La saison des femmes ? On voyait se dessiner, depuis le milieu de l’année précédente, une montée insurrectionnelle de Sally, la fille des Draper. Bravant l’autorité de sa mère, comme un conflit de génération avant l’heure. Avec l’arrivée de Grand-père Eugene à la maison, la petite Sally trouve un allié, un mentor, artisan de son indépendance à venir. Au détour de conversations, il plante les graines de l’autonomie. Par les actes, Eugene fait d’elle un électron libre. La laissant tenir le volant de sa voiture, manger de la glace avant le repas. Comme pour saper l’autorité maternelle et forger un caractère que l’on sait déjà difficile (intelligente et têtue).
Eugene irresponsable ? Lui qui n’hésitera pas à accuser Betty de suicide lorsqu’elle souhaite allumer une cigarette. Lui qui organisera ses obsèques. Entre control freak et leste d’un poids trop important pour sa fille. On imaginait le vieil homme élément perturbateur du foyer Draper. A l’image de sa conversation avec le fils. Exploits de guerre très illustrés (trop pour un si jeune garçon) dont les cadeaux inappropriés feront lever Don de son fauteuil. Sa brutale disparition laissera Sally désemparée face à la mort. D’une petite fille qui ne comprend pas comment des adultes peuvent rire dans un moment pareil. Une scène remarquablement jouée par la jeune actrice. Colère et désarroi. Et la séquence de se conclure sur un plan magnifique, composition idéale de Sally au premier plan, allongée sur le sol, regardant la télévision, pendant que les adultes sont assis autour d’une table dans la cuisine. Deux mondes s’opposent. Mais l’un possède encore l’ascendant sur l’autre. Face aux images qui défilent devant le visage de la petite fille, on devine déjà quelques germes d’opposition se dessiner dans son esprit.

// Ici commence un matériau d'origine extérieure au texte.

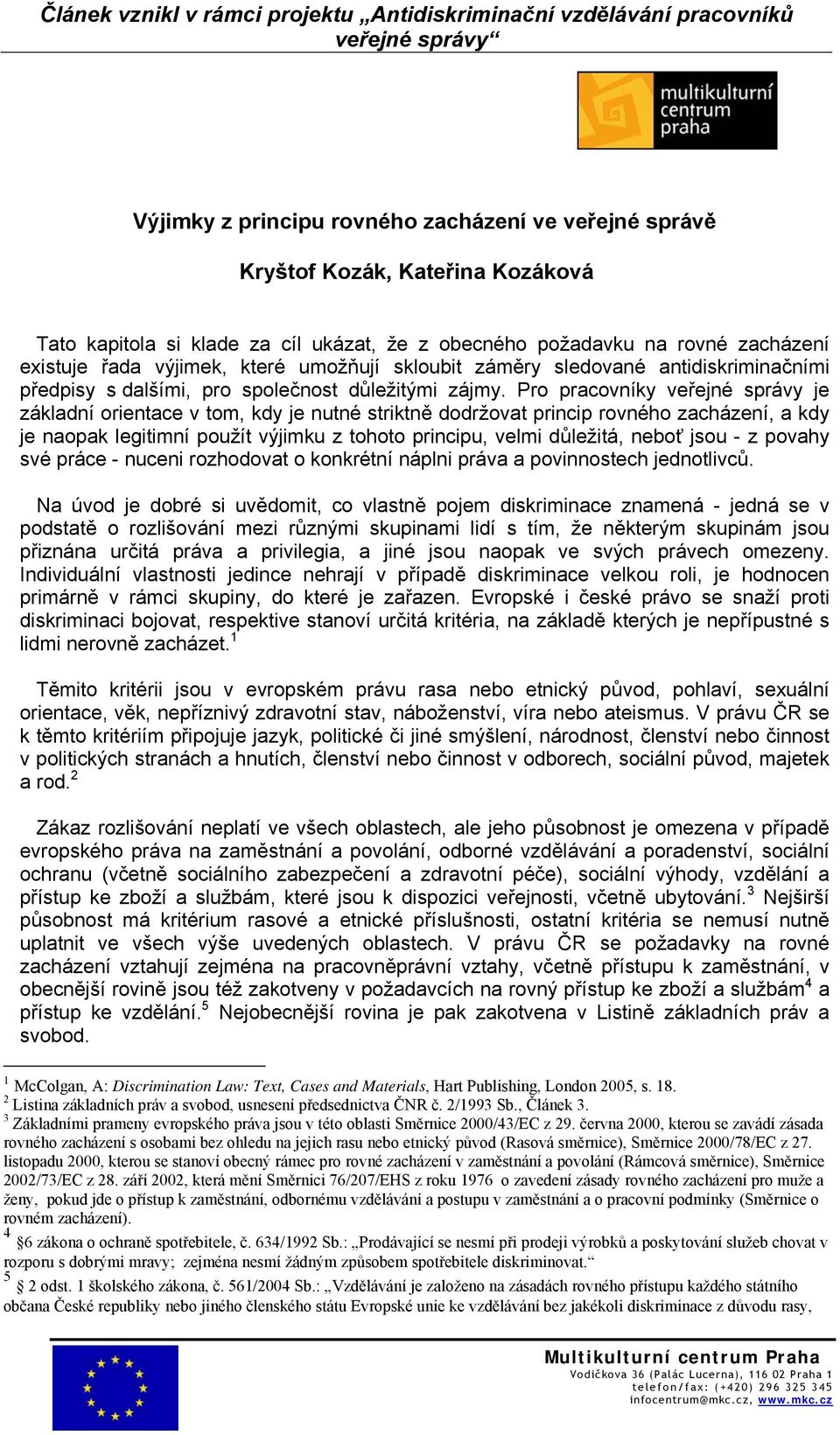 Pro pracovníky veřejné správy je základní orientace v tom, kdy je nutné striktně dodržovat princip rovného zacházení, a kdy je naopak legitimní použít výjimku z tohoto principu, velmi důležitá, neboť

Peggy continue son évolution. Etape logique, l’acquisition d’un appartement à Manhattan. Et la quête d’une roommate. Nouveau conflit de génération quand il s’agit d’expliquer à une mère possessive qui ne voit pas le monde bouger, le besoins d’indépendance. Ambiance difficile, surtout quand on a une sœur compréhensive mais qui ne partage pas les besoins de sa cadette. « I am one of those girls ». Au détour de la scène, on voit l’importance que prend la télévision dans les foyers. Et chez Sterling Cooper. D’un ancien camarade d’université de Pete venu dilapider l’héritage paternel dans un colossal projet (remplacer le baseball par le Jai Alai) condamné d’avance en multidiffusant sur tous les networks les matchs en direct ; à la désillusion de Sal qui voit sa publicité pour Patio refusée par les clients. Un Sal qui aura de plus en plus de difficulté à maintenir l’illusion de son hétérosexualité à sa femme. De repousser ses avances à l’interprétation maniérée de sa publicité, on voit dans le regard de cette dernière la révélation prendre forme.
Dans l’ombre d’une pièce obscure, Don ouvre la boîte de son passé et regarde une vielle photo. Dans ces moments, le personnage est insondable. Incapable de savoir ce qu’il peut ressentir derrière les traits impassibles de son visage. Dans cet épisode, l’ombre a partagé l’écran avec la lumière. De trajectoires narratives évidentes, amorcées en amont, que l’on voit se construire sous nos yeux et dont certaines orientations à venir sont plus ou moins prévisibles. A l’opposé, Matt Weiner et son équipe maintiennent le spectateur dans le doute, l’interrogation permanente. Parfaite maîtrise entre révélations et suspense. Et place le spectateur dans cette position privilégiée, celle de pouvoir prédire, tout en étant surpris. A côté de multiples pistes réflexives sur cette époque et la nôtre, un tel procédé relève du petit miracle. On n’en attendait pas moins.